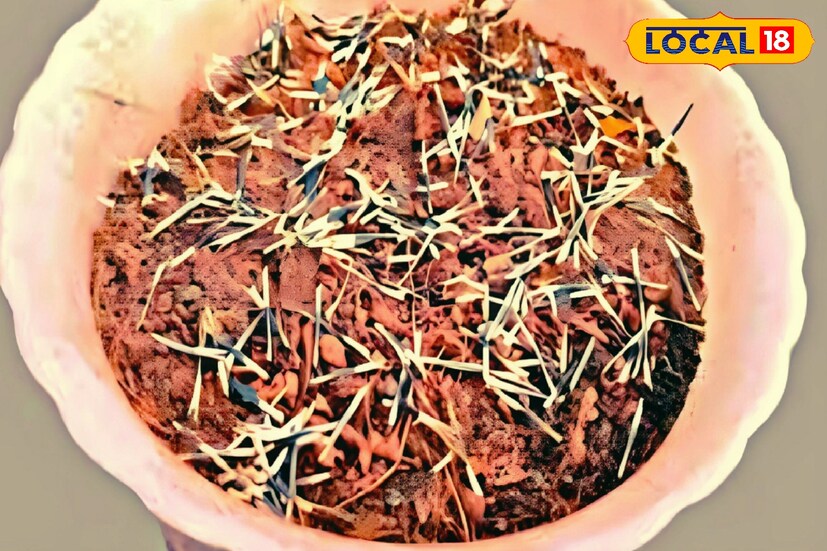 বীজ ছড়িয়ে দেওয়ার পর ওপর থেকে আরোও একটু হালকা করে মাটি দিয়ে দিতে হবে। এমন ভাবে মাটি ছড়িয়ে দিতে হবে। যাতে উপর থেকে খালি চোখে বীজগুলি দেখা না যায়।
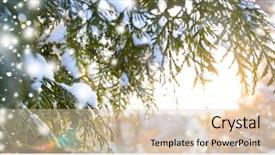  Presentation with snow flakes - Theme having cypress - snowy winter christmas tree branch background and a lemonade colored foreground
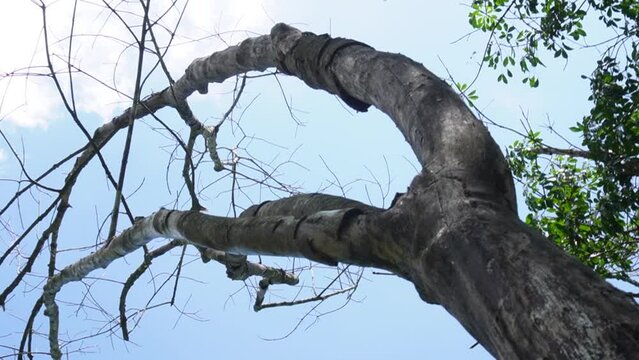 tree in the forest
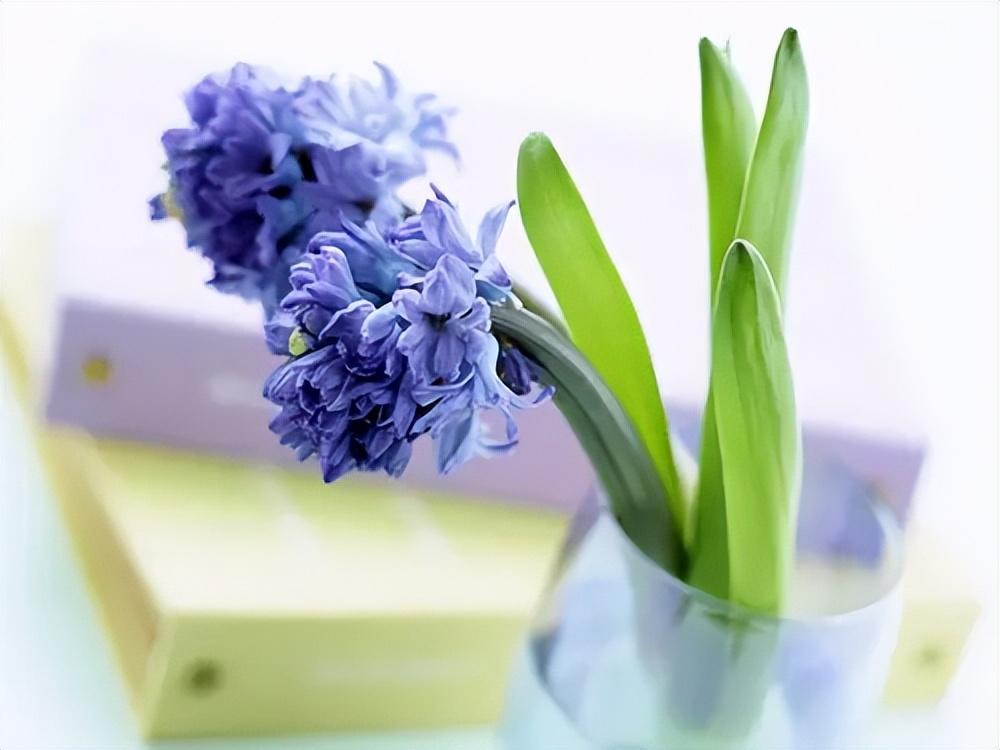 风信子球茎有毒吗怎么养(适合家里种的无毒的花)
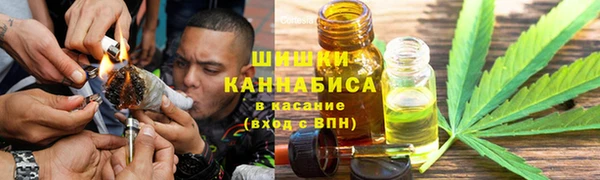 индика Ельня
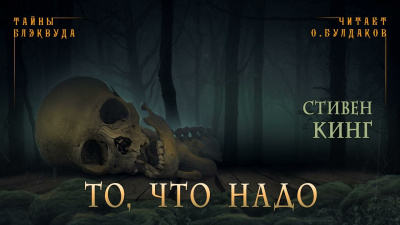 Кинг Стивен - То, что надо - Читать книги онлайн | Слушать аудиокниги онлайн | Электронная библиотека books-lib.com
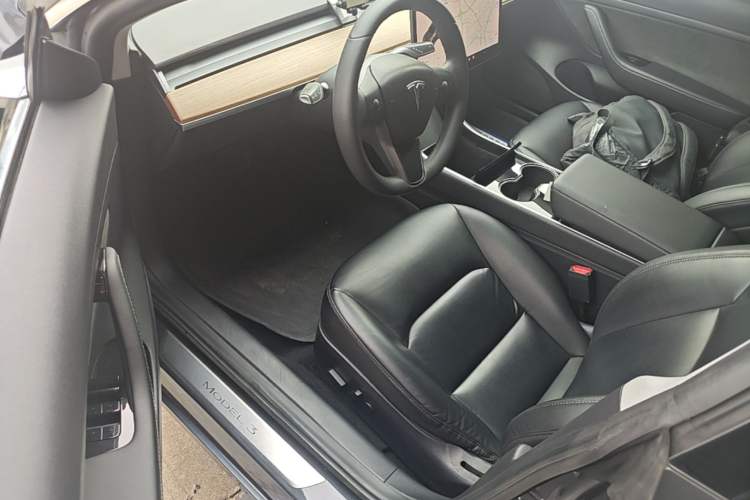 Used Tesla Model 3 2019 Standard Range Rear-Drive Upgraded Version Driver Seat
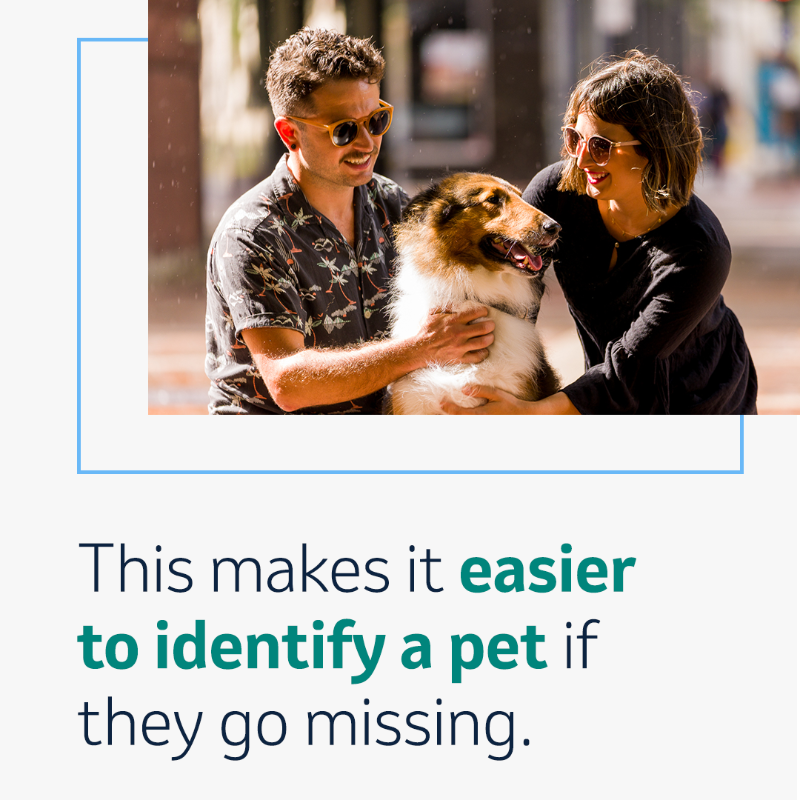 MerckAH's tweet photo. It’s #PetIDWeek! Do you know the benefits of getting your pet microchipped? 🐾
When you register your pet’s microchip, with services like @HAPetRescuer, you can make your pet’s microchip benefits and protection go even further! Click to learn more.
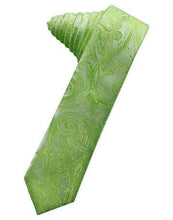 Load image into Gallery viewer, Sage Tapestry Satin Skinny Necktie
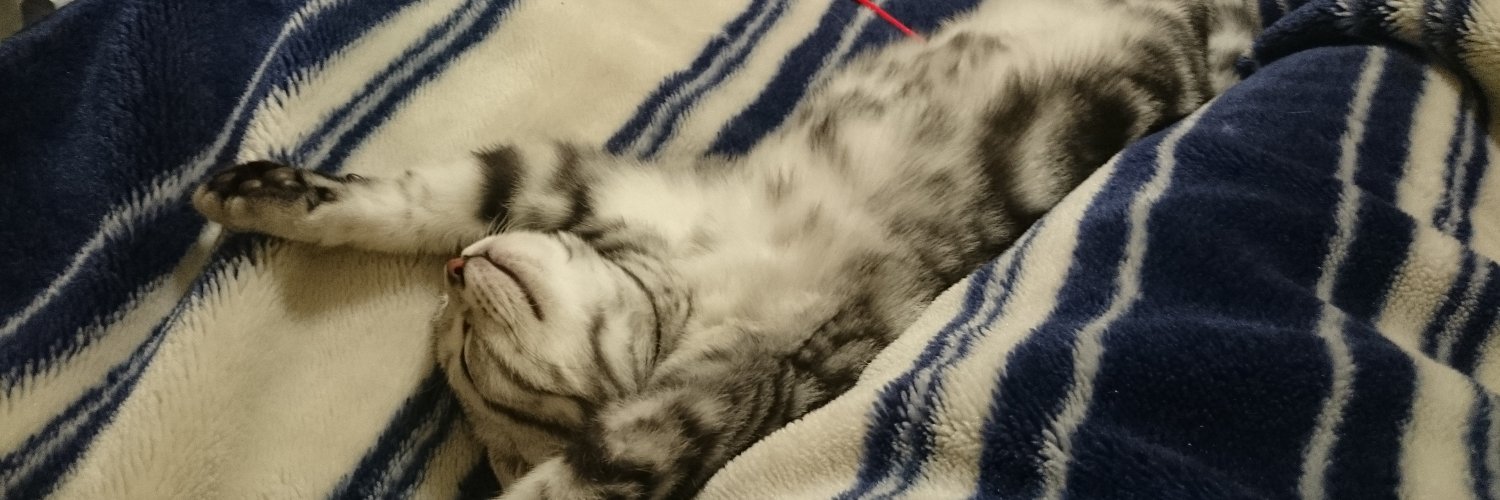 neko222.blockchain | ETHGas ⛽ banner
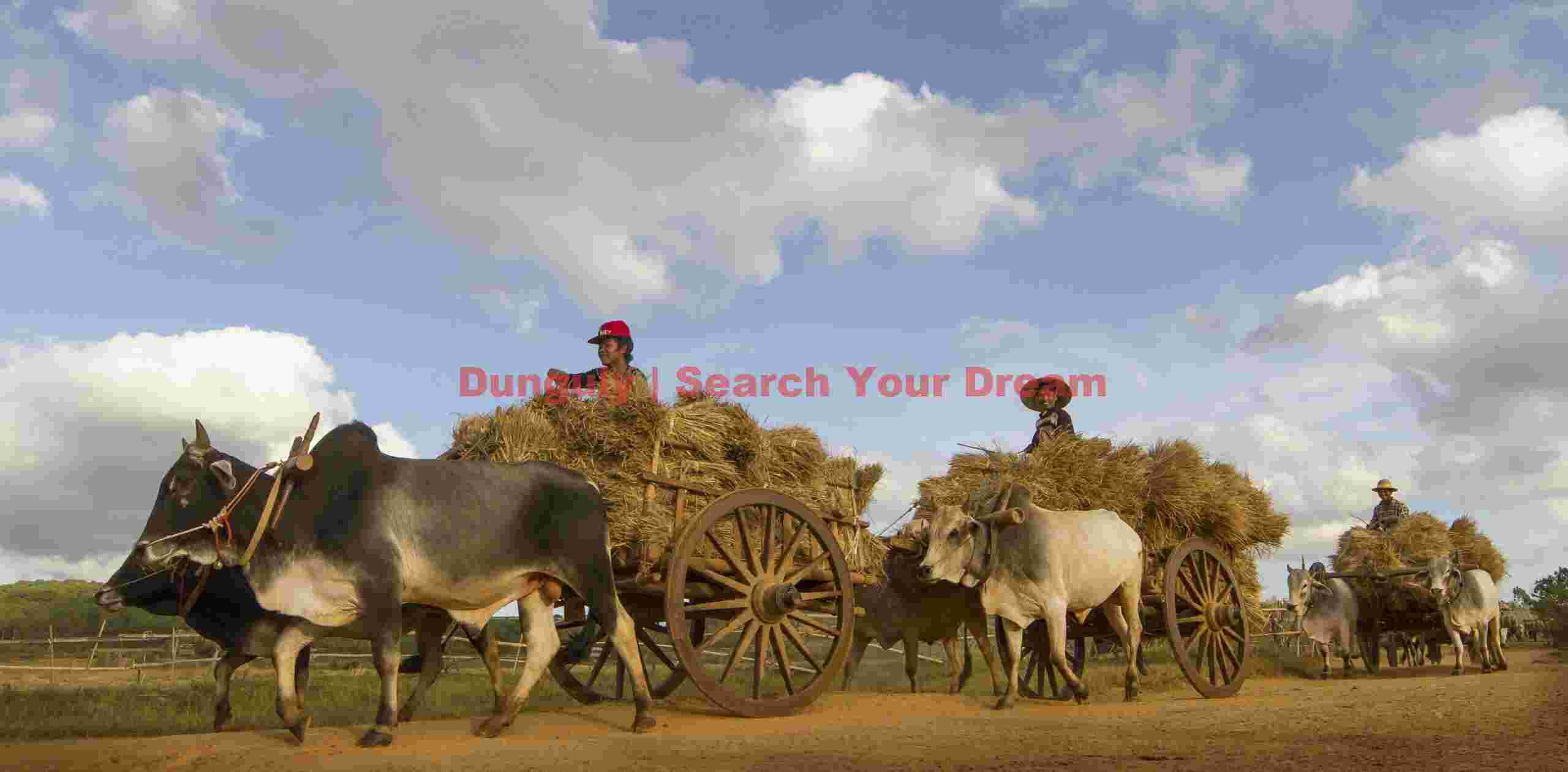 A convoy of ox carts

•••••

• What is required: The response should consist of the entries above, given again exactly and free of pictures.

• Task answer:
 বীজ ছড়িয়ে দেওয়ার পর ওপর থেকে আরোও একটু হালকা করে মাটি দিয়ে দিতে হবে। এমন ভাবে মাটি ছড়িয়ে দিতে হবে। যাতে উপর থেকে খালি চোখে বীজগুলি দেখা না যায়।
  Presentation with snow flakes - Theme having cypress - snowy winter christmas tree branch background and a lemonade colored foreground
 tree in the forest
 风信子球茎有毒吗怎么养(适合家里种的无毒的花)
 индика Ельня
 Кинг Стивен - То, что надо - Читать книги онлайн | Слушать аудиокниги онлайн | Электронная библиотека books-lib.com
 Used Tesla Model 3 2019 Standard Range Rear-Drive Upgraded Version Driver Seat
 MerckAH's tweet photo. It’s #PetIDWeek! Do you know the benefits of getting your pet microchipped? 🐾
When you register your pet’s microchip, with services like @HAPetRescuer, you can make your pet’s microchip benefits and protection go even further! Click to learn more.
 Load image into Gallery viewer, Sage Tapestry Satin Skinny Necktie
 neko222.blockchain | ETHGas ⛽ banner
 A convoy of ox carts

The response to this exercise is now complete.